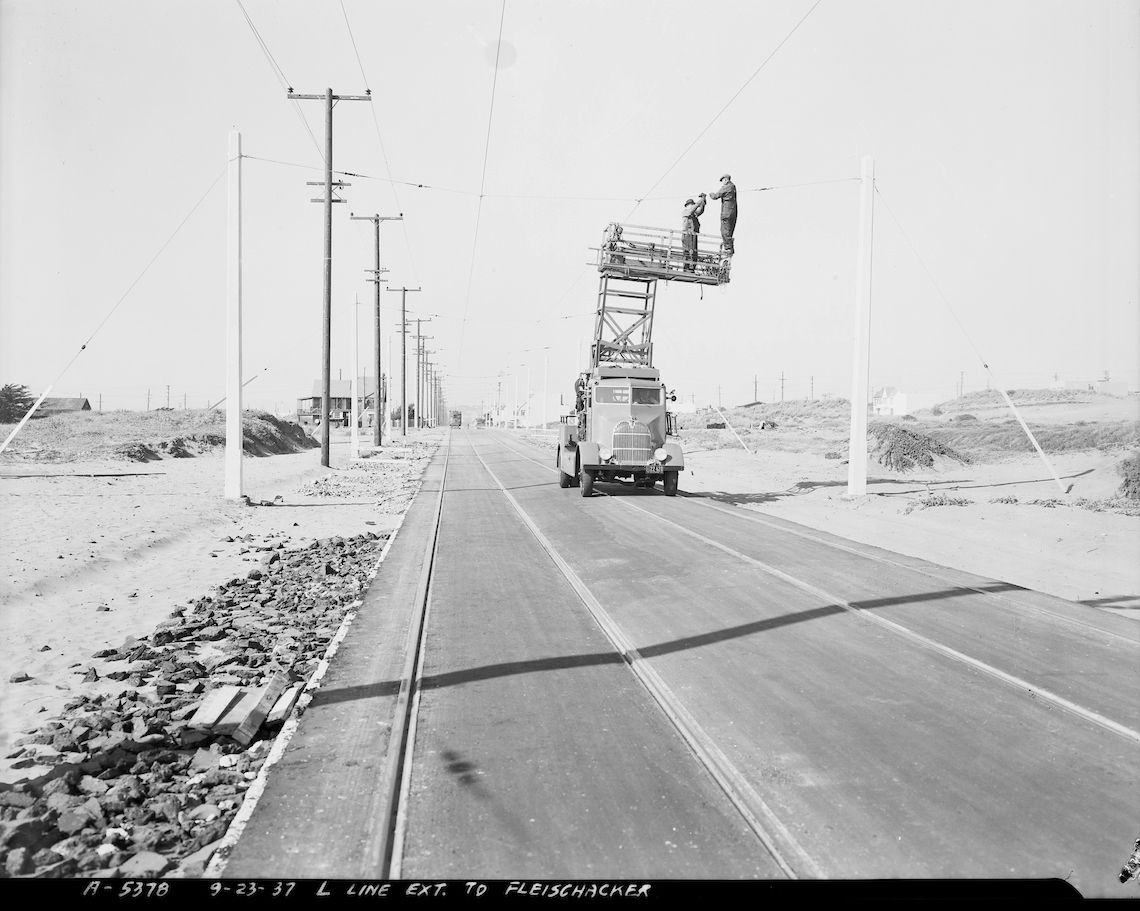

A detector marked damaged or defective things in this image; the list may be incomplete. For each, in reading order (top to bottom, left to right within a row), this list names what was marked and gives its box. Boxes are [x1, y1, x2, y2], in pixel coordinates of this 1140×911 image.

pile of broken concrete [1, 531, 387, 880]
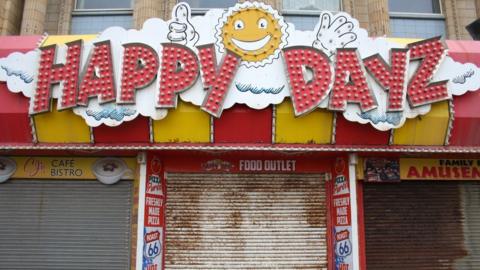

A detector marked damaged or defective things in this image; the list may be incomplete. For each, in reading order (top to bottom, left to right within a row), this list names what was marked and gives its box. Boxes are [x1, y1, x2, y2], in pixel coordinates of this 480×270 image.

rusty metal shutter [0, 179, 133, 270]
rusty metal shutter [165, 174, 326, 268]
rusty metal shutter [364, 180, 480, 268]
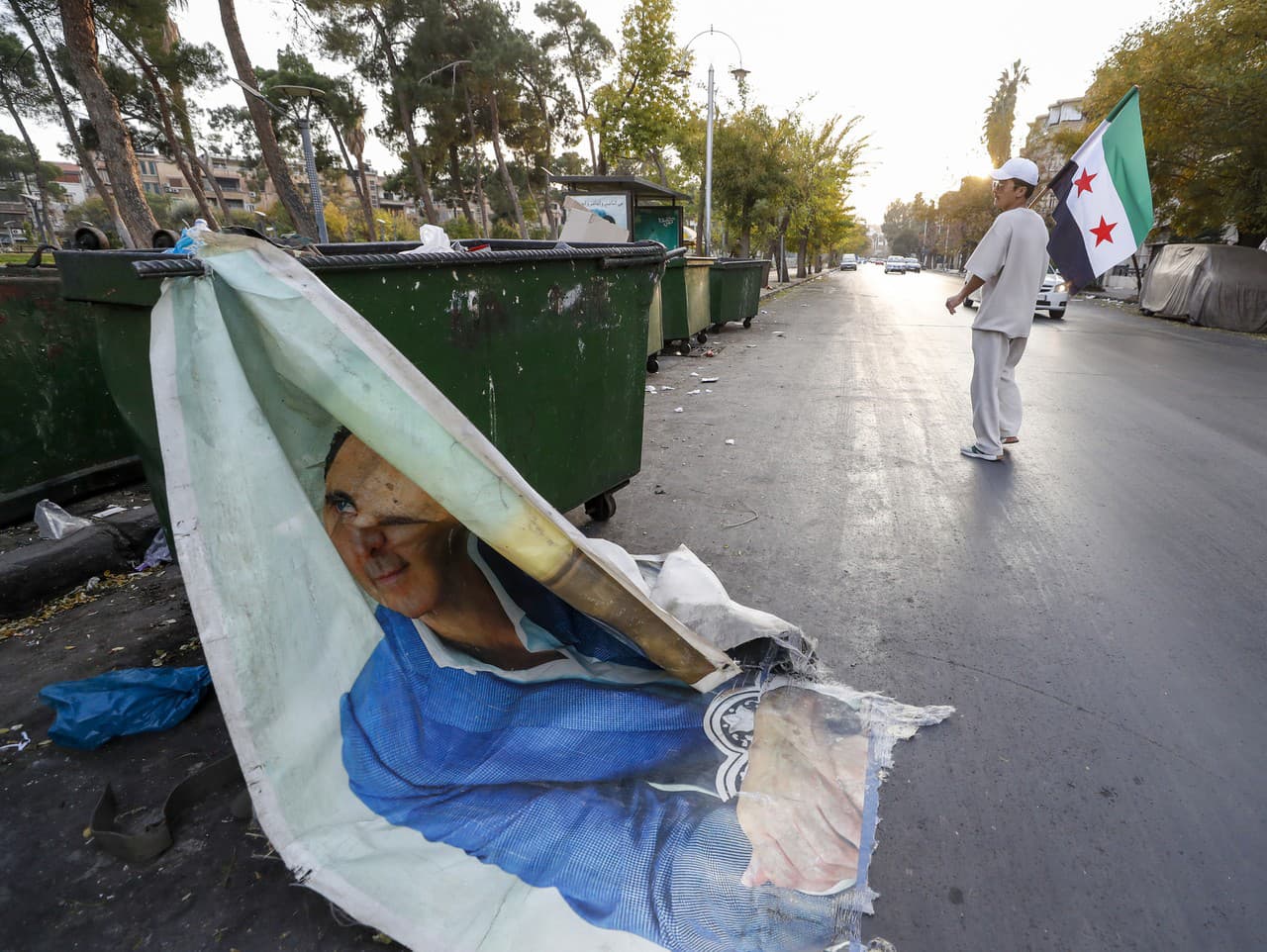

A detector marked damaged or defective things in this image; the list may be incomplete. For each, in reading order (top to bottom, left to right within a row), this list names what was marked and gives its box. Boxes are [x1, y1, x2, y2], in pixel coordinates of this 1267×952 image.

torn banner [152, 233, 952, 951]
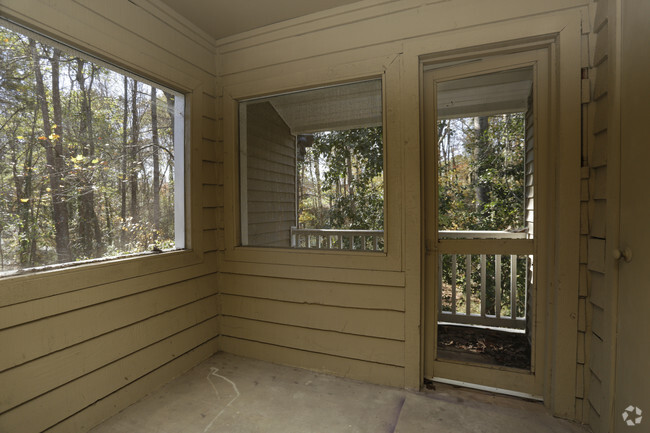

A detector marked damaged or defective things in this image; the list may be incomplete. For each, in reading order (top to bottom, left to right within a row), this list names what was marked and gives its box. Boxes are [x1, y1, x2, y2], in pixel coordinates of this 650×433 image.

white paint chipping [202, 366, 240, 430]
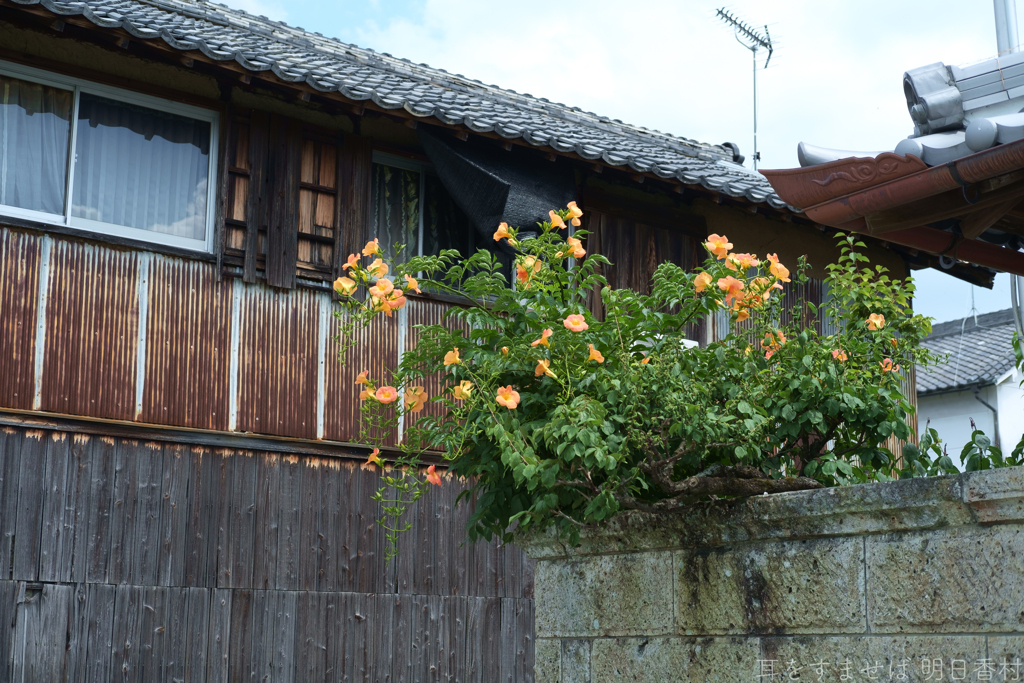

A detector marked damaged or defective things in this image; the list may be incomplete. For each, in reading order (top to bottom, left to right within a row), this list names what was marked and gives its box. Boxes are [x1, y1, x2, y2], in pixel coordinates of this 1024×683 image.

rusty corrugated metal siding [0, 229, 39, 411]
rusty corrugated metal siding [40, 240, 138, 421]
rusty corrugated metal siding [142, 253, 232, 430]
rusty corrugated metal siding [237, 282, 317, 438]
rusty corrugated metal siding [325, 307, 397, 446]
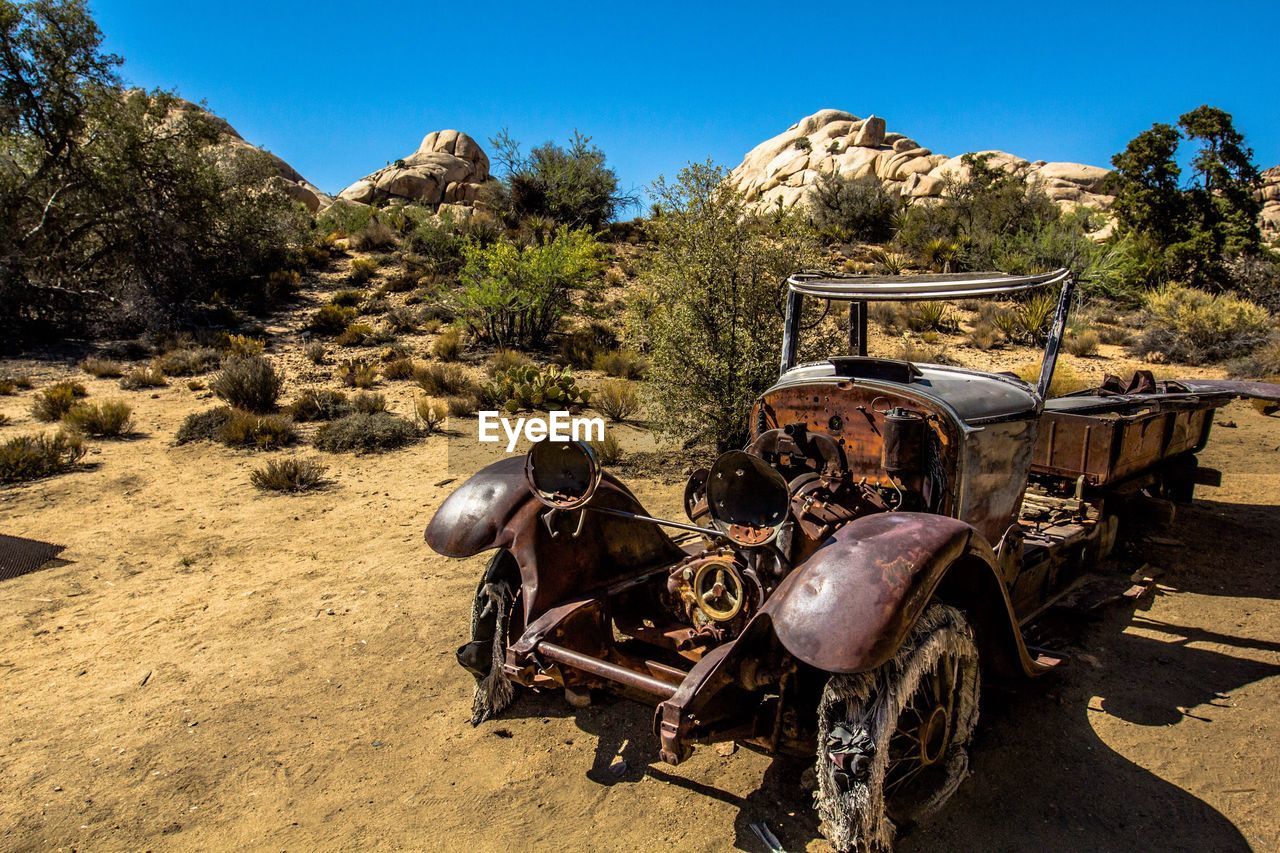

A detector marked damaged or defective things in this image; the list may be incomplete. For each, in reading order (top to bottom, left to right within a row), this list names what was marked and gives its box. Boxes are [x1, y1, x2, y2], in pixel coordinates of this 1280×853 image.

rusty abandoned truck [424, 268, 1272, 852]
rusted metal frame [1032, 272, 1072, 406]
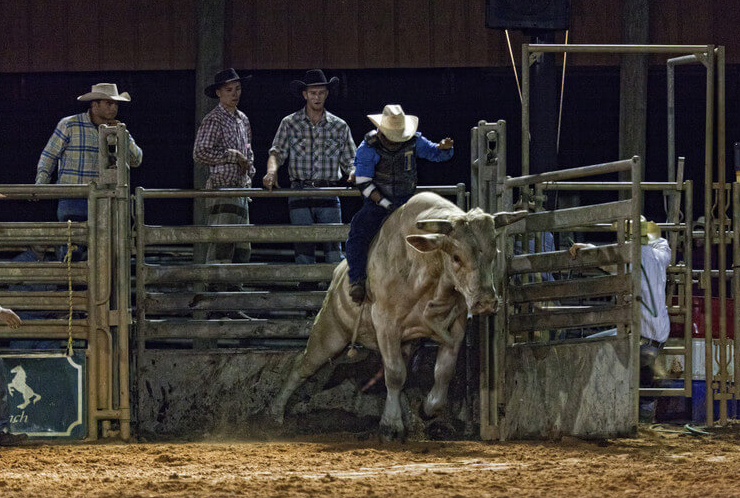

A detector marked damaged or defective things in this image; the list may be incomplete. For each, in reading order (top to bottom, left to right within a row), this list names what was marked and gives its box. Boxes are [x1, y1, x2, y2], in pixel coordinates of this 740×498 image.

rusty metal panel [146, 224, 352, 245]
rusty metal panel [142, 260, 338, 284]
rusty metal panel [508, 242, 632, 274]
rusty metal panel [145, 290, 326, 314]
rusty metal panel [512, 272, 628, 304]
rusty metal panel [144, 320, 312, 338]
rusty metal panel [508, 304, 632, 334]
rusty metal panel [500, 334, 632, 440]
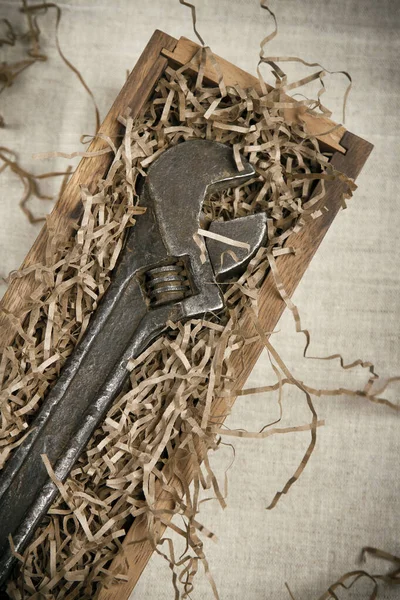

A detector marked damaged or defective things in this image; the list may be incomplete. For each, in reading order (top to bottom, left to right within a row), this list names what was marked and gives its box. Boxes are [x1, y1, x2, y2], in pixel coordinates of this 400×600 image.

rusty metal wrench [0, 139, 268, 580]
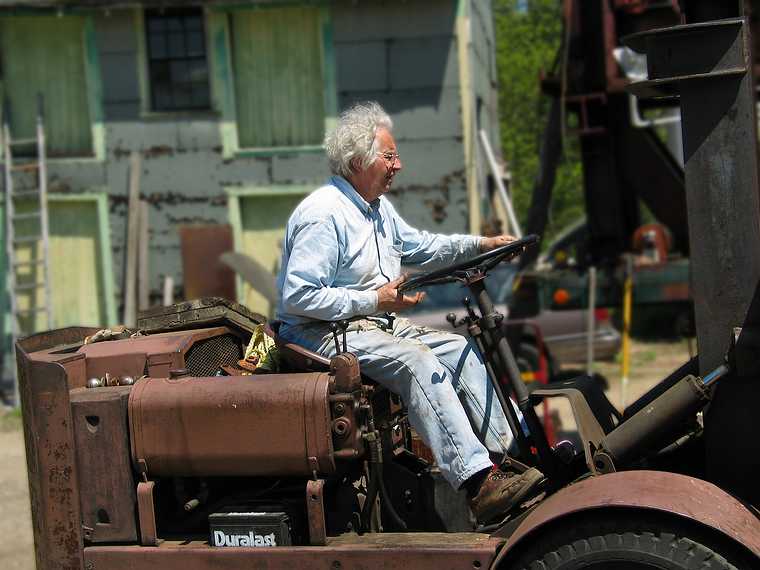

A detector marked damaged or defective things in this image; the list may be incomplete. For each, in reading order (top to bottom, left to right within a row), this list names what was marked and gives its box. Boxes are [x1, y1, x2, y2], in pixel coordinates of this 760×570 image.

peeling paint wall [8, 0, 502, 306]
rusted metal panel [180, 223, 236, 300]
rusted metal panel [70, 386, 138, 540]
rusted metal panel [129, 370, 336, 478]
rusted metal panel [83, 532, 502, 568]
rusted metal panel [492, 468, 760, 560]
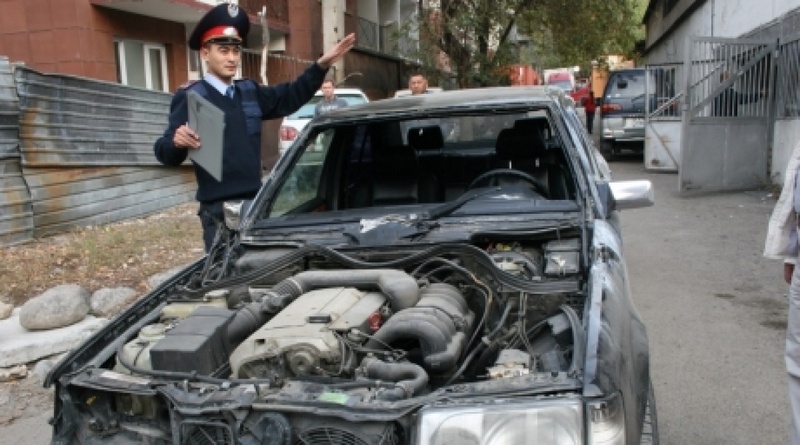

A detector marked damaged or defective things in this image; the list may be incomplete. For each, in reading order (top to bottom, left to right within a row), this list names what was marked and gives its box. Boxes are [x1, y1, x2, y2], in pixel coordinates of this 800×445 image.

→ DIRECTIONS FOR THIS TASK
Nothing but the lines from the one containing "this 760×570 image." through the end of the listing should be written out, each exactly, and pictures must be left out.

→ RESPONSE TO THIS EXERCISE
A detector marked damaged or defective things in this image; the list may be incomplete. For each, in reading order (top to bottom, left to right within a row), this list names what was marked and gives its box. Boxes are [x1, y1, x2, y2], in pixel coordinates of this 760×570 image.

peeling paint wall [8, 0, 502, 306]
rusted metal panel [180, 223, 236, 300]
rusted metal panel [70, 386, 138, 540]
rusted metal panel [129, 370, 336, 478]
rusted metal panel [83, 532, 502, 568]
rusted metal panel [492, 468, 760, 560]

A detector marked damaged or defective things in this image; the list may be incomplete. For each, in reading order (top to bottom, left to right within a row), this list names what was marked and gives its box. Boxes are [x1, y1, x2, y2], in pixel coordinates of this 800×445 image.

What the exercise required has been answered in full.